In a lot of ways, having two parents of different racial/ethnic backgrounds allows a unique insight into both cultures. It can be extremely enlightening to see how both sides can be so different and yet so similar at the exact same time. However, there is always this feeling as if I am not fully a part of either because of my own interracial identity.

South Texas Born, Melting Pot Raised

Jerheme Urban,
Trinity University

I am very proud of the fact that I was born in south Texas, a location steeped with history and tradition. It is also an area that is a melting pot of race, culture, and economic diversity- with a heavy blue collar, agrarian influence. After traveling/working across the country, I have really grown to appreciate the fact that my area of upbringing really embraces other cultures and the races that usually embody those cultures. Like all areas of the world, there are still unfortunate stereotypes that need to still need to be talked about and broken down; however, all in all, I believe that I was heavily influenced by the melting pot I was exposed to during my formative years…an environment that encouraged acceptance of another’s culture, musical taste, and career choices. We honored hard work, and realized that race had no bearing on how hard you worked.

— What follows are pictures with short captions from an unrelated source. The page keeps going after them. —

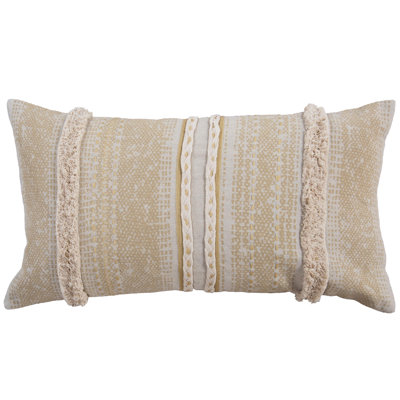 Housse et insert rectangulaires en coton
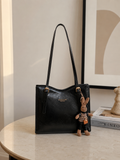 Zara | Elegant leather bag + free bag hanger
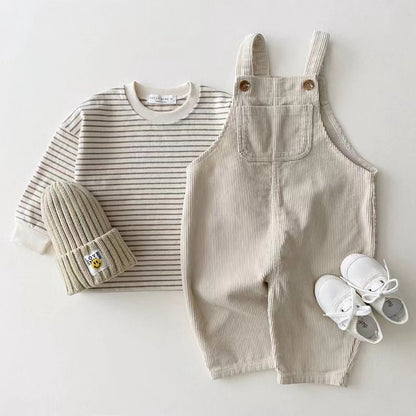 100% cotton children's clothing infants autumn and winter floral denim cute overalls children's jumpsuit overalls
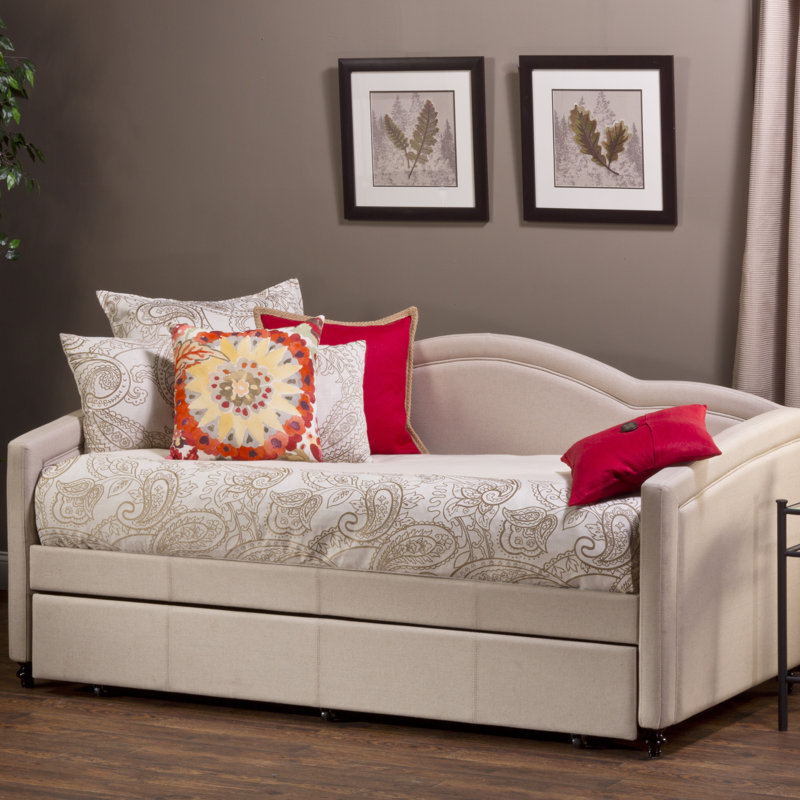 Willa Arlo Interiors Delmer Daybed with Trundle & Reviews Wayfair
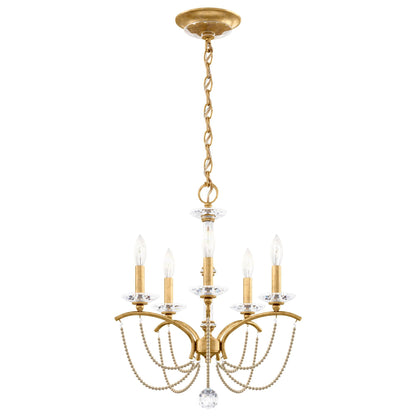 Schonbek Priscilla 5 Light Mini Chandelier Cp527298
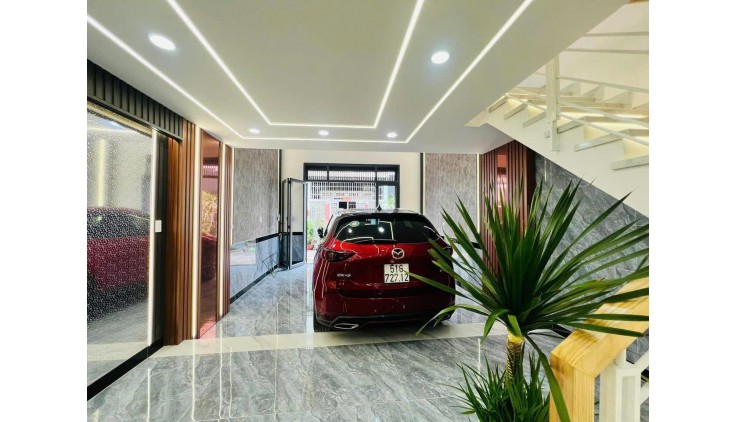 Bán nhà 4,7m12  xe hơi ngủ trong nhà Thạnh Lộc 16 Quận 12 chỉ hơn 5 tỷ
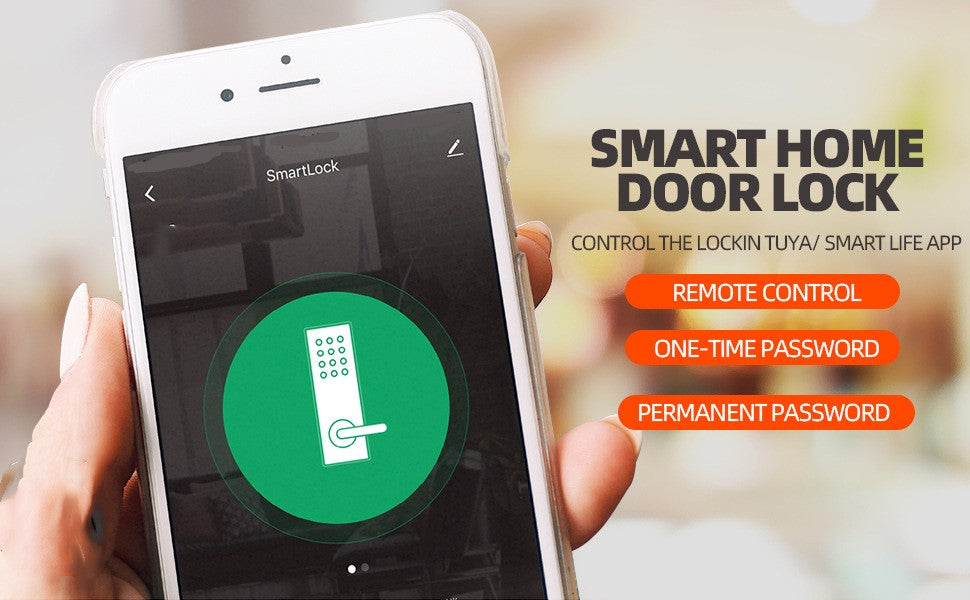 Smart WiFi Door Lock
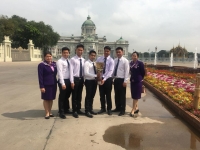 นักศึกษา คณะวิศวกรรมศาสตร์ วิทยาลัยเชียงราย รับพระราชทานถ้วยรางวัลชนะเลิศ การแข่งขัน 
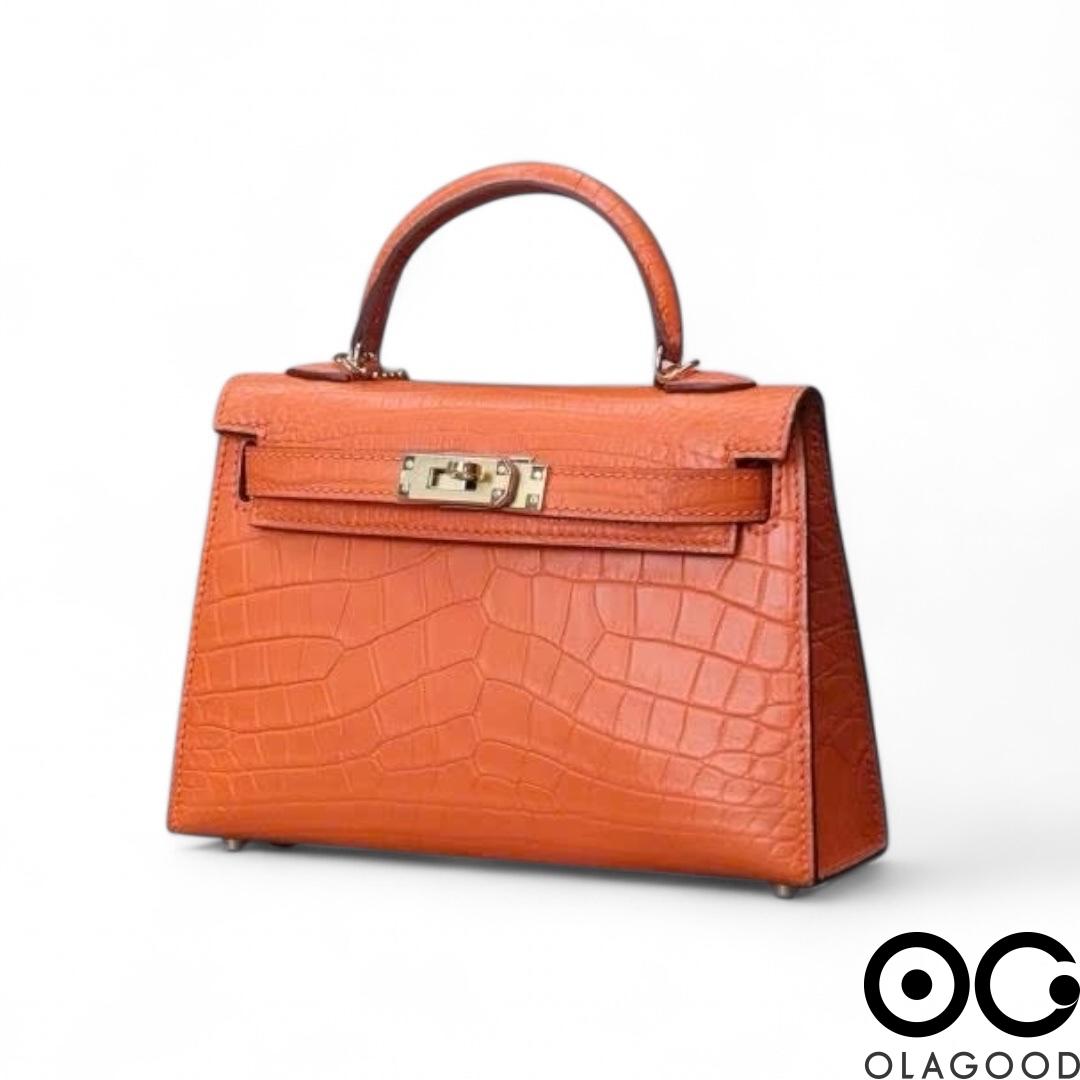 Túi cá sấu chính hãng - TXN0280S - Hình ảnh 4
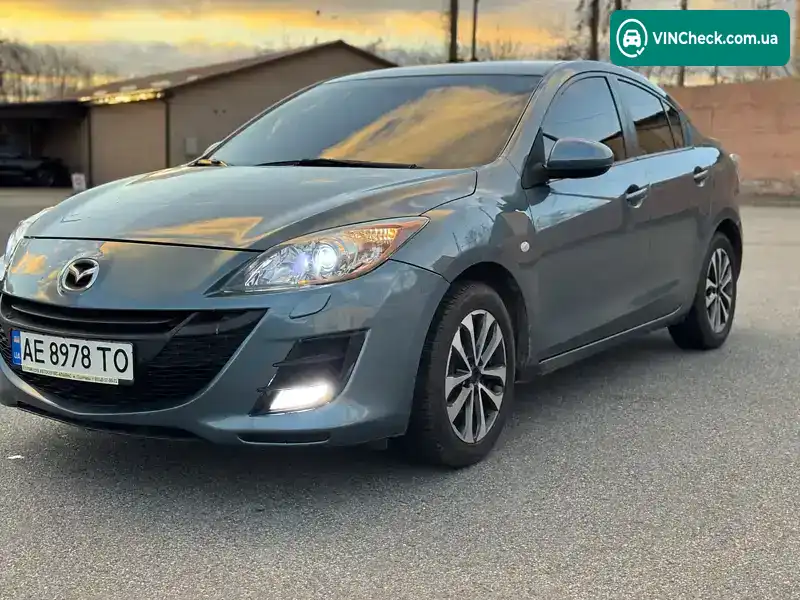 Mazda 3 2010, фото з оголошення 1 з 12, VIN JMZBL12Z501227812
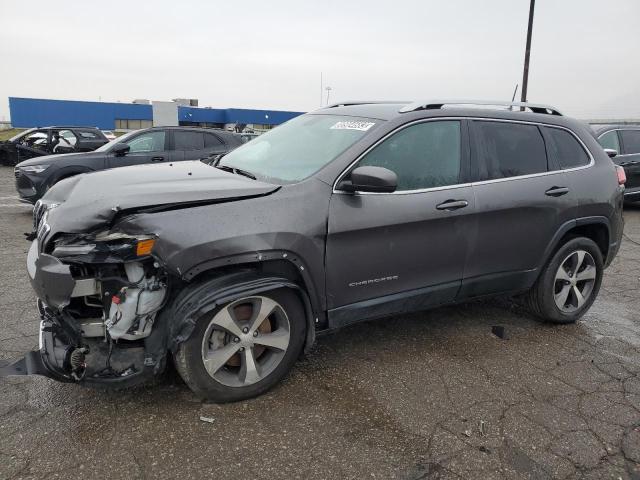 Image 1 of 2020 JEEP CHEROKEE LIMITED 2020 with VIN 1C4PJMDX8LD595221
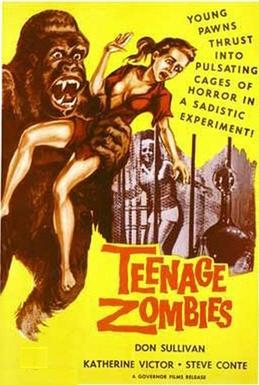 <i>Teenage Zombies</i> 1959 film by Jerry Warren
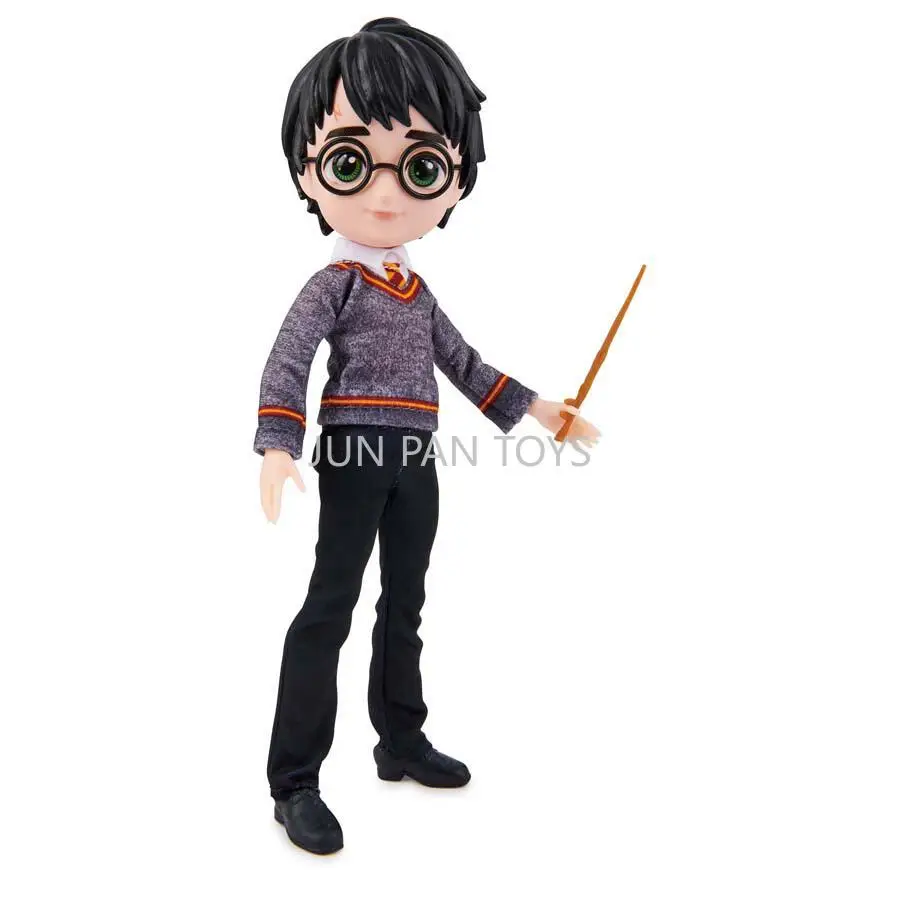 Wizarding World Harry Potter Ginny Hermine Luna Deluxe-Puppen-Set mit Zubehör, klassische Filme, Sammlerstück, Junge, Kinderspielzeug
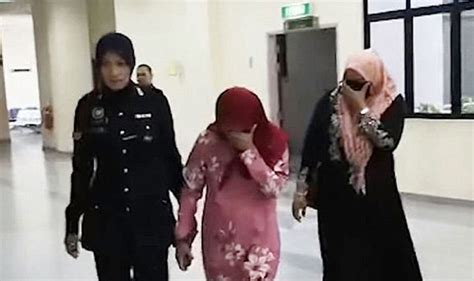 malaysia news sharia ruling sees women publicly caned for gay sex act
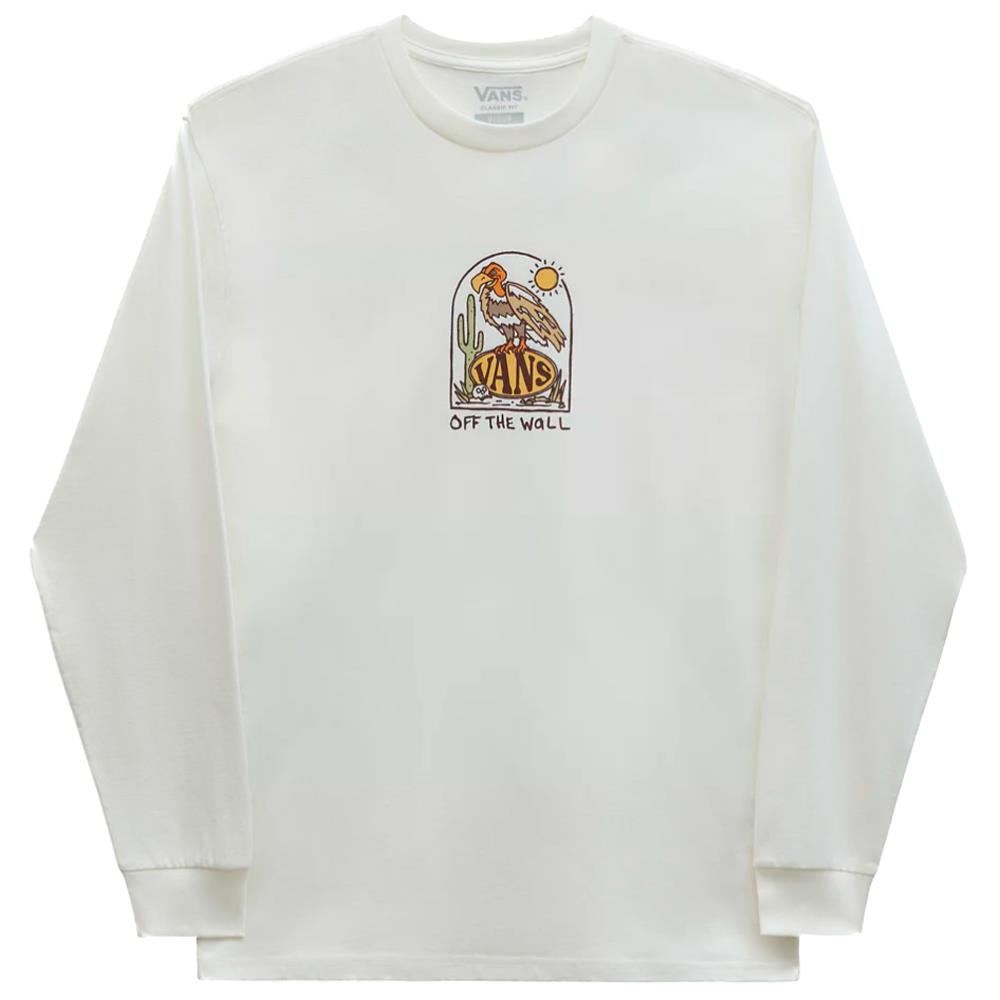  Vans Deserted Long Sleeve T-shirt - Marshmallow、mySite、merchandisen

Turban, Assumptions, Fear, Perpetually Foreign, Resistance

Simran Jeet Singh,
New York, NY.
Trinity University

My visible Sikh and South Asian identity have shaped my experiences with racial and cultural identities. Upon seeing me, people mark me as different and make various assumptions about me. Associations assume (but are not limited to): foreign, violent, conservative, uneducated, terrorist, victim, uncivilized, and dogmatic.

Bicultural and Bilingual should be enough.

Megan Medrano,
Houston, TX.

Growing up Latina in south Texas, I have always been surrounded with rich culture. My home was filled with both the English and Spanish language and I was encouraged to live both my Mexican and U.S. Latina identities. I did not realize how important an ethnic identity was until I came to college. Discussions of “what does being a real Mexican look like?” and “am I more Mexican or more American?” really pushed me to search for my identity. The hidden criticism that people like me face begs the question of “Am I Mexican enough to be considered Mexican and am I American enough to be considered American”. I soon came to realize that striving to be one or the other is not who I should be, but instead embrace the heritage and the country that has made who I am. I am both Mexican and American, bicultural and bilingual, and that should be enough.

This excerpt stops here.